Instructions: Perform the following exercises in the specified order, completing all sets and reps before moving to the next exercise. Take rest periods of one to two minutes as needed.

1. Pull-Up
Sets and Reps: 3 to 4 sets of 4 to 6 reps
How to:

  • Grip the pull-up bar with hands shoulder-width apart.
  • Engage your body by squeezing your legs together and pulling your shoulders back.
  • Pull your elbows down until your chin clears the bar, then lower back to start.
    (Tip: Use a resistance band for assistance if needed.)
    Why it’s effective: Pull-ups are a highly effective exercise for building upper body strength, hitting various muscles from the waist up.
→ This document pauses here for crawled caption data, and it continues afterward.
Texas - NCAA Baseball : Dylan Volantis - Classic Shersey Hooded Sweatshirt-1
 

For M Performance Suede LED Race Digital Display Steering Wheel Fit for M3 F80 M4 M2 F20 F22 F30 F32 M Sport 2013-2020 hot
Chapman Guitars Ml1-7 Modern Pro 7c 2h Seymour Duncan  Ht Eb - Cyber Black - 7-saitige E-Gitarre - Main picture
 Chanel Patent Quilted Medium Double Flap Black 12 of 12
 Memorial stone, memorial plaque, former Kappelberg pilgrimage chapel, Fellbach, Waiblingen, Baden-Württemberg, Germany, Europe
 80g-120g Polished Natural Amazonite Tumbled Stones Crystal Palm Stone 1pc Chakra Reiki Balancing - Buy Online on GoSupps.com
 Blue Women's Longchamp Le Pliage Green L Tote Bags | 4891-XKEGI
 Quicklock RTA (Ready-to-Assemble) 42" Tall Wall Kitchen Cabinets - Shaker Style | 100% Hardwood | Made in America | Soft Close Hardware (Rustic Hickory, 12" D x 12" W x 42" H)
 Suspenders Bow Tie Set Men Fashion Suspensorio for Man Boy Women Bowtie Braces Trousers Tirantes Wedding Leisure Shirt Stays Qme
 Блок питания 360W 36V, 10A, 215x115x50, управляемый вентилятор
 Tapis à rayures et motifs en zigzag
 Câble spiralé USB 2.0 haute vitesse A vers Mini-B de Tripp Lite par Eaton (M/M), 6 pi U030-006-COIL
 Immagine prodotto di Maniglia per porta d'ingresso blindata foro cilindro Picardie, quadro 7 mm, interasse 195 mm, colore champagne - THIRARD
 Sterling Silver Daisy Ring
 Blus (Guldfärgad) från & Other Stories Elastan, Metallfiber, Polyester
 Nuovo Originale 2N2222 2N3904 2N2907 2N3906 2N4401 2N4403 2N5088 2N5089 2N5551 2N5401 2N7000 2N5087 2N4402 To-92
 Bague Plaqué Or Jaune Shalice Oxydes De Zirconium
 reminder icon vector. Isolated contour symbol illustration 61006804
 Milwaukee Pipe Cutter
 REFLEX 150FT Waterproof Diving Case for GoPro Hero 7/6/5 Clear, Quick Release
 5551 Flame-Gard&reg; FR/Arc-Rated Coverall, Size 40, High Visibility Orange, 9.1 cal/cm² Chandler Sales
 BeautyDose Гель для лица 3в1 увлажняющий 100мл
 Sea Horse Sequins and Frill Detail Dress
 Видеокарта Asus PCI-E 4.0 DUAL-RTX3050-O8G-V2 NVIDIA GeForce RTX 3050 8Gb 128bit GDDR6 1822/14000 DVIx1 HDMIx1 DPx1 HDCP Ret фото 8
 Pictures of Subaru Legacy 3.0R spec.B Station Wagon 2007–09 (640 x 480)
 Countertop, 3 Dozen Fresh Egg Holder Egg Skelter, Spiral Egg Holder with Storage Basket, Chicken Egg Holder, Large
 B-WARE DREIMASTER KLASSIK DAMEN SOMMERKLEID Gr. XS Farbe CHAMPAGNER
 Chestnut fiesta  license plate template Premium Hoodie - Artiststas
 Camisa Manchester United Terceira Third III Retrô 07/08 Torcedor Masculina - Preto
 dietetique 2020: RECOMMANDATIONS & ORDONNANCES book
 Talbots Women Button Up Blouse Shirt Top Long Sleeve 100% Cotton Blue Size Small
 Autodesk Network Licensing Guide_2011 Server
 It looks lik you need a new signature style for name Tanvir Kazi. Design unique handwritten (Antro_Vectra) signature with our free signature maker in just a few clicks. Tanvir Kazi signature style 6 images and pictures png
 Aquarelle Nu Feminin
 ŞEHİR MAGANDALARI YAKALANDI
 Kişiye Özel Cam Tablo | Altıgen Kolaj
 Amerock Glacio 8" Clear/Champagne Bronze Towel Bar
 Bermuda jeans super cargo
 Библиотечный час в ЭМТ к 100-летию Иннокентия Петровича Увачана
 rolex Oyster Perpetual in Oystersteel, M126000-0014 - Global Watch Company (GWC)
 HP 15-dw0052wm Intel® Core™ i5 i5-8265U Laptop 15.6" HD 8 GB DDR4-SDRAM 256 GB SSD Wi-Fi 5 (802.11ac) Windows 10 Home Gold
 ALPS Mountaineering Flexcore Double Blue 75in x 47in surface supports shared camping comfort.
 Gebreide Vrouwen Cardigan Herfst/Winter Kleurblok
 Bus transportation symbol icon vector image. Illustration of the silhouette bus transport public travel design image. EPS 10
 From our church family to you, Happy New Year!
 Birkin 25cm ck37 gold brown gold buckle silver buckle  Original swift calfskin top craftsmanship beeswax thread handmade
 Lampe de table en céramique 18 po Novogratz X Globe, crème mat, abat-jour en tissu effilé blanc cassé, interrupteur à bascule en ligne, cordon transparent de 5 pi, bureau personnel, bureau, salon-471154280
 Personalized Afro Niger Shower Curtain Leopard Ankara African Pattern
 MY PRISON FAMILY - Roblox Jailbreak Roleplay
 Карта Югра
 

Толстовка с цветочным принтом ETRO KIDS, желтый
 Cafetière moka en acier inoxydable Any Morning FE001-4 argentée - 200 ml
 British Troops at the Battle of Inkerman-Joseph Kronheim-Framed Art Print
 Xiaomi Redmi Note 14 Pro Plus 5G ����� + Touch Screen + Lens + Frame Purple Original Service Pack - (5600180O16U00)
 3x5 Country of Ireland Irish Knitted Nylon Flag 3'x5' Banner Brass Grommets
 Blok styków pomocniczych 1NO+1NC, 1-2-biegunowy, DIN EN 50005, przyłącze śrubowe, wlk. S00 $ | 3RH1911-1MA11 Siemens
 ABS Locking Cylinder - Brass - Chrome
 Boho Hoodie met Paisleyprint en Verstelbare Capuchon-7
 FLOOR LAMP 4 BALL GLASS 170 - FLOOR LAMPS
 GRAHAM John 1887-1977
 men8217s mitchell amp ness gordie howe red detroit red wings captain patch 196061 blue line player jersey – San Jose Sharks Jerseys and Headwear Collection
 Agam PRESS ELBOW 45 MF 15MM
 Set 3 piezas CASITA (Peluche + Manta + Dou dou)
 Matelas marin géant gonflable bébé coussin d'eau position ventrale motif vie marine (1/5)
2. Alternating Bent-Over Row
Sets and Reps: 3 sets of 6 to 8 reps each side
How to:

  • Stand with feet wider than hip-width and knees slightly bent, holding dumbbells.
  • Hinge forward to a position slightly above parallel to the floor.
  • Pull one dumbbell to your ribcage while squeezing your shoulder blade, then lower and repeat on the other side.
    Why it’s effective: This exercise primarily targets back muscles while engaging the biceps and core.

3. Reverse Fly
Sets and Reps: 3 sets of 8 to 10 reps
How to:

  • Stand with feet hip-width apart, holding dumbbells.
  • Hinge forward with a neutral neck and bend your elbows slightly.
  • Squeeze your shoulder blades together while raising your arms out to the sides, then return to start.
    Why it’s effective: The reverse fly strengthens the rear deltoids for improved shoulder stability and upper back strength.

4. Biceps Curl
Sets and Reps: 3 sets of 12 to 15 reps
How to:

  • Stand with feet hip-width apart, holding dumbbells at your sides.
  • Keep upper arms stationary and bend at the elbow to curl the weights towards your shoulders, then lower back down.
    Why it’s effective: Biceps curls are essential for developing arm strength and grip, making them a staple in any workout regimen.

Final Thoughts

Cori Ritchey, C.S.C.S., a fitness expert and editor at Women's Health, recommends this straightforward yet powerful workout for those pressed for time or looking to refine their upper body training. Remember, always maintain proper form to avoid injury and maximize the effectiveness of your workout in this efficient session!